In the meantime, if homeowners are concerned about potential lead contamination, they should run their taps for several minutes before using the water for drinking or cooking. Health experts also say to use only cold water for cooking because hot water can dissolve lead in a pipe more easily than cold water. There is no risk in showering with water that might have higher lead levels because skin can't absorb lead, they said.
Loveday said while most water system operators are following the letter of the law when it comes to providing their customers with information about testing results, the presentation isn't "consumer friendly."
"There's a lot of education that needs to be done," Loveday said. "What the Flint crisis did was put a spotlight on the issue and now you're seeing a lot more effort to require better notification. We have over 40 bills in Congress or state legislatures dealing with lead that will require better notification."

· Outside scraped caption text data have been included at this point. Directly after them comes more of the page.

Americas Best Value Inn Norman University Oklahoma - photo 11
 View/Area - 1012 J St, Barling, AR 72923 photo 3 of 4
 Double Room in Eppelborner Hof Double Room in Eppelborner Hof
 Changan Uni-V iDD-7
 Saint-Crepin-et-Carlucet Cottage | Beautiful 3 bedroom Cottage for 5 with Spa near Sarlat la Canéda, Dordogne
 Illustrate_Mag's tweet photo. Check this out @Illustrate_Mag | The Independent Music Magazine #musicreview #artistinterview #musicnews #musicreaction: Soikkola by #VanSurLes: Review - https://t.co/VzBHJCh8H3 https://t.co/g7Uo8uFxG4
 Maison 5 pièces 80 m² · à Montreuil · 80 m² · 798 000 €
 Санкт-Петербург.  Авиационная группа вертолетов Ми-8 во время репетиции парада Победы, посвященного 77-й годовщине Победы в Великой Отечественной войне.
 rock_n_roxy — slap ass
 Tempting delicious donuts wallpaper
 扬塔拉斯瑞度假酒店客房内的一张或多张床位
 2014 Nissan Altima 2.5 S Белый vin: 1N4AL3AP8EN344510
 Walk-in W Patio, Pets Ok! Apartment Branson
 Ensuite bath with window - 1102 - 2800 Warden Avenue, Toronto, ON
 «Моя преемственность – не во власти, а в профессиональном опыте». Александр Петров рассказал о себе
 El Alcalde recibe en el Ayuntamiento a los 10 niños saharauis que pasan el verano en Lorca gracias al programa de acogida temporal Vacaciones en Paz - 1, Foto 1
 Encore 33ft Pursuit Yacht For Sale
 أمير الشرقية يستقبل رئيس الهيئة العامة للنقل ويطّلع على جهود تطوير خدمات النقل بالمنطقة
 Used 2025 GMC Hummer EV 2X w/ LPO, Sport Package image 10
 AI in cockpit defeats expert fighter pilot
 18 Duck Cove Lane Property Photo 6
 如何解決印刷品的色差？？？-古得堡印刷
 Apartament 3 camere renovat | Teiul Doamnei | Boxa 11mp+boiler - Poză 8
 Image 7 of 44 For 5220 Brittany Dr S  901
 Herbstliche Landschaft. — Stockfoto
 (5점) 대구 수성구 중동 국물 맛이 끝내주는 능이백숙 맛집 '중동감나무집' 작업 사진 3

Loveday was unaware of any bills pending in Springfield, but noted Illinois congressional Democrats Tammy Duckworth of Hoffman Estates and Mike Quigley of Chicago have introduced bills that would provide grants for lead removal and provide better notification about lead-testing results.
In your home
There are other long-term options as well. Filtration systems that run from as little as $20 for a faucet-mounted device to several hundreds of dollars for equipment that covers the entirety of a house can eliminate many contaminants, including lead. Some water treatment companies offer filtration system rentals.
The Water Quality Association and other independent product safety outfits like Environmental Working Group, based in Washington D.C., certify, test and even rank filtration systems at their respective websites wqa.org and ewg.org.
"The good news is that Americans can filter their drinking water to reduce their exposure to many common contaminants, like lead," said Nneka Leiba, EWG deputy director of research. "When shopping for water filters, be sure to choose a model certified for lead removal by NSF International, the California Environmental Protection Agency or Water Quality Association."
And while specific details about water quality are few in the government-mandated Consumer Confidence Reports each water system operator must issue annually, there are even fewer regulations regarding disclosure of plumbing materials and water quality history for properties.
Marchetti said if the property has a private well for drinking water, that's the only time any water testing is required for selling a house. Sellers are required to disclose plumbing defects, but lead water lines aren't considered defects. There's also nothing that requires sellers to catalog what the plumbing and piping is made of. Some homes might have copper plumbing, but the joints might have been sealed using lead and zinc solder, which is no longer allowed.
Home inspectors should be able to tell buyers if the service line connecting the property to the water system is lead, but if you already own the house, most people wouldn't know, plumbing experts said.
"There's an easy way to tell if you have a lead line coming into your house," said Thom Jungels, president of the Fox Valley chapter of the Illinois Plumbing Inspectors Association. "But you also have to know where your water meter is located."
If homeowners do know where their water meter is -- usually in a basement or utility closet -- look for a telltale "knob" that connects the pipe to the meter, Jungels said. This bulbous knob, only present in lead pipe connections, is the fitting that's been affixed to the malleable lead line to prevent leaks.
Homeowners can also scrape the outer coating of the pipe. It will reveal a shiny metallic color on lead pipes. Magnets also don't stick to lead lines.